Vietate collaborazioni con sei entità statunitensi e stretta sull’export di droni. Tensioni in aumento prima dell’incontro Trump-Xi
PECHINO - La Cina ha adottato nuove contromisure nella disputa commerciale con gli Stati Uniti, in risposta alle recenti restrizioni americane sulle importazioni legate alle accuse di lavoro forzato nello Xinjiang. Alla fine di luglio Washington aveva inserito 43 aziende cinesi in una lista nera, impedendo l’ingresso dei loro prodotti sul mercato statunitense.
Il Ministero del Commercio di Pechino ha quindi vietato a organizzazioni e persone fisiche in Cina di collaborare con sei aziende e organizzazioni statunitensi. Tra queste figurano realtà che monitorano le catene di approvvigionamento per verificare eventuali legami con lo Xinjiang, oltre a organizzazioni per i diritti umani. Secondo Pechino, tali soggetti avrebbero sostenuto le sanzioni americane.
Nella regione nordoccidentale dello Xinjiang vive una significativa parte della minoranza musulmana degli Uiguri. Governi occidentali e organizzazioni per i diritti umani accusano la Cina di ricorrere al lavoro forzato, accuse respinte dalle autorità cinesi.
In una comunicazione separata, il Ministero del Commercio ha annunciato controlli più severi sull’esportazione verso gli Stati Uniti di determinati droni e componenti.
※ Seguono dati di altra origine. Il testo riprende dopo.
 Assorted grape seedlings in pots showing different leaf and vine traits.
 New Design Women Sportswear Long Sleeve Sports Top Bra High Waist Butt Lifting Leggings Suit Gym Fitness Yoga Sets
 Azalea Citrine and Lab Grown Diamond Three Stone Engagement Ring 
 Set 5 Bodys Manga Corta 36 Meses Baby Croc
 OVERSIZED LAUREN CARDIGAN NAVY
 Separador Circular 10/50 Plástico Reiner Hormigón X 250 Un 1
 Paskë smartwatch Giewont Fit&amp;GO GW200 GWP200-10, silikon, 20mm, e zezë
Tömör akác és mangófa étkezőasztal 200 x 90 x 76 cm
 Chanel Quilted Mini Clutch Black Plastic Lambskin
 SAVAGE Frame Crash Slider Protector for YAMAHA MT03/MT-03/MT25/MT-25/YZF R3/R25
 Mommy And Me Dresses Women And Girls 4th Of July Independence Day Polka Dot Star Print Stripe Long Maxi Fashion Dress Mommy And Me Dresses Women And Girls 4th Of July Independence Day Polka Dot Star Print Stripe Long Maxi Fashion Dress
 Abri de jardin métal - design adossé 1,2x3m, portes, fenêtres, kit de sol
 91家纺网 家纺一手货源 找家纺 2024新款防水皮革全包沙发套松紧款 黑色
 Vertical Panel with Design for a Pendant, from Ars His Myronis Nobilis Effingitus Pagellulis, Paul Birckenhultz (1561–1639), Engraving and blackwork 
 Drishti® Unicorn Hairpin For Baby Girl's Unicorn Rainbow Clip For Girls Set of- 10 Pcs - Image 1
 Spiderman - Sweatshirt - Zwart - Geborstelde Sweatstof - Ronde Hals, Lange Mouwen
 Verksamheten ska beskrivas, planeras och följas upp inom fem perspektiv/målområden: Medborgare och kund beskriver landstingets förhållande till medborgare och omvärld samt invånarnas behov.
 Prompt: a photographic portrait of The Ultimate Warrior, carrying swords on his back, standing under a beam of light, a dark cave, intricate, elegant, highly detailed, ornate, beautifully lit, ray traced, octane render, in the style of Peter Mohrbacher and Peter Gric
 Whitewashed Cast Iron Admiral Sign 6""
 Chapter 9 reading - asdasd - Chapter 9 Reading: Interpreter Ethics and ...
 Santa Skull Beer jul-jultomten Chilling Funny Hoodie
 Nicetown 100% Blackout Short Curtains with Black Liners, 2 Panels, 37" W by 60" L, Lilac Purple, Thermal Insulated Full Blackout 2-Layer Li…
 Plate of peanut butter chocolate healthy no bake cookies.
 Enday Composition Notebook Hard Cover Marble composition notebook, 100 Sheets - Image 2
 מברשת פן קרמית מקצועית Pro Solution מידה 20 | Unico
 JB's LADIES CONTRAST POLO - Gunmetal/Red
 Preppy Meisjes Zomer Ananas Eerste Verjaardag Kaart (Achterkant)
Le autorizzazioni saranno esaminate caso per caso con criteri più rigorosi, mentre le precedenti agevolazioni vengono eliminate.
Pechino ha inoltre vietato rapporti commerciali con un’azienda statunitense accusata di aver sostenuto le misure della Federal Communications Commission (FCC) contro la Cina. L’autorità americana aveva già bloccato a dicembre l’autorizzazione di nuovi modelli di droni stranieri e, a fine luglio, anche quella di robot moderni e inverter connessi prodotti all’estero, provvedimenti ritenuti mirati soprattutto ai produttori cinesi.
L’inasprimento delle misure arriva a poche settimane da un incontro previsto tra i presidenti Donald Trump e Xi Jinping, annunciato per il 24 settembre. Nonostante i preparativi, entrambe le parti continuano a irrigidire le proprie politiche su commercio e tecnologia.